Reveille for Republicans
Over at The Washington Independent, Dave Weigel discovers that conservatives have been reading Saul Alinsky. Not the caricature of the man that's trotted out on right-wing blogs when someone wants to declare the Democrats are doing something "straight out of Alinsky." They're reading Alinsky's actual books, and they're learning from them:
Alinsky has found a thriving and surprising fan club in the modern conservative movement. [Michael Patrick] Leahy is one of many "Tea Party" activists who have latched onto "Rules for Radicals" as a blueprint for a counter-revolution, a campaign of robust challenges to President Barack Obama and the Democratic Congress that is playing out nearly every day of the August recess in noisy town hall meetings. "Alinsky-cons" have taken the union organizer's "13 rules for power tactics" and "11 rules to test whether power tactics are ethical" and found a strategy that, they believe, is chipping away at the momentum for national health care reform. When they flummox representatives with chants, or laugh out loud at their attempts to explain their votes, many "Tea Party" activists say they're cribbing from Alinsky.
The most obvious beneficiary of the surge of interest in Alinsky has been Random House, which publishes the book through its Vintage imprint. According to Nielsen BookScan, "Rules for Radicals" has sold 15,000 copies since the start of this year—it only sold 35,000 copies from 2000 through 2008. Since the start of August, it has sold 1,000 copies. At Amazon.com, "Rules" is safely nestled in the Top 75 on the retailer's bestseller list, and it's No. 1 in the "radical thought," "civics," and "sociology/history" categories. Most tellingly, the people who snatch up copies of Alinsky's book at Amazon don't go on to buy more liberal texts. Instead, according to the online bookseller, they purchase Michelle Malkin's "Culture of Corruption," Glenn Beck's "Common Sense," and Mark Levin's "Liberty and Tyranny."
The right's interest in Alinsky began when conservatives started worrying that he was an influence on the president. Read enough Alinsky, and you might start wishing he had more of an influence on the president. Saul Alinsky distrusted government planners, and while he was by no means opposed to redistribution in itself he was an acute critic of the welfare state as it functioned in practice.
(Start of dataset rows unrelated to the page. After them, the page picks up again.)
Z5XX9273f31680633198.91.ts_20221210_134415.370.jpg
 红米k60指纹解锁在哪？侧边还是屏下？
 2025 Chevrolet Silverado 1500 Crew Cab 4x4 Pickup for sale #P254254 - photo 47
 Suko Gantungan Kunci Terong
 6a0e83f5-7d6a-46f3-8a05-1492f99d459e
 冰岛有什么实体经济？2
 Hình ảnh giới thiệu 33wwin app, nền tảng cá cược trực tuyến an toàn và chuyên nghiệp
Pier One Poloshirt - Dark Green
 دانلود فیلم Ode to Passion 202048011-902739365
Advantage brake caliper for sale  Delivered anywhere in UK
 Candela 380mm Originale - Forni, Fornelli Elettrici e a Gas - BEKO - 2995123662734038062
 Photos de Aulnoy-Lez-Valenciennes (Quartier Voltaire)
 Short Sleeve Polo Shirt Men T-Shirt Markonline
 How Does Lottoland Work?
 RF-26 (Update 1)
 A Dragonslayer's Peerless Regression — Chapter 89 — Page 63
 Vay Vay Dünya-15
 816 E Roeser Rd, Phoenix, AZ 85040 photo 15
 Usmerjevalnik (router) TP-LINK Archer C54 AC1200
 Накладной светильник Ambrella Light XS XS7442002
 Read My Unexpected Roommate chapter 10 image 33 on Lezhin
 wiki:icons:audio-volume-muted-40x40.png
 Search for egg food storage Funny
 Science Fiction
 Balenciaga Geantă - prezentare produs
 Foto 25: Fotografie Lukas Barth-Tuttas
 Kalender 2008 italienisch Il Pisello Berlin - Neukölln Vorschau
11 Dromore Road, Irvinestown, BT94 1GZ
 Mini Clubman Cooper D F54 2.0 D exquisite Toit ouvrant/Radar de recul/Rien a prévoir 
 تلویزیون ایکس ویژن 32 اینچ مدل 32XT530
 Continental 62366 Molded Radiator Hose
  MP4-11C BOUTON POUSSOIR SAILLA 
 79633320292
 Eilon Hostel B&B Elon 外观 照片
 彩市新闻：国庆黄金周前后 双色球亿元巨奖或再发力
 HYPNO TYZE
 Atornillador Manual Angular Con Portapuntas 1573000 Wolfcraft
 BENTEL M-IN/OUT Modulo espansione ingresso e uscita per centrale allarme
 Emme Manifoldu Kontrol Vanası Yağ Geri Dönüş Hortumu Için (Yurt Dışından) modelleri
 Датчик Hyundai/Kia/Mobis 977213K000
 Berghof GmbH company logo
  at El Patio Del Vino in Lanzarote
He regularly denounced "welfare colonialism" and in one speech described LBJ's poverty program as "a huge political pork barrel and a feeding trough for the welfare industry, surrounded by sanctimonious, hypocritical, phony, moralistic crap." He argued that effective political action had to be driven by the people directly affected, not by professionals (including professional activists) acting on their behalf. A left that paid him more than lip service would be decentralist and anti-bureaucratic. Sounds like an improvement to me.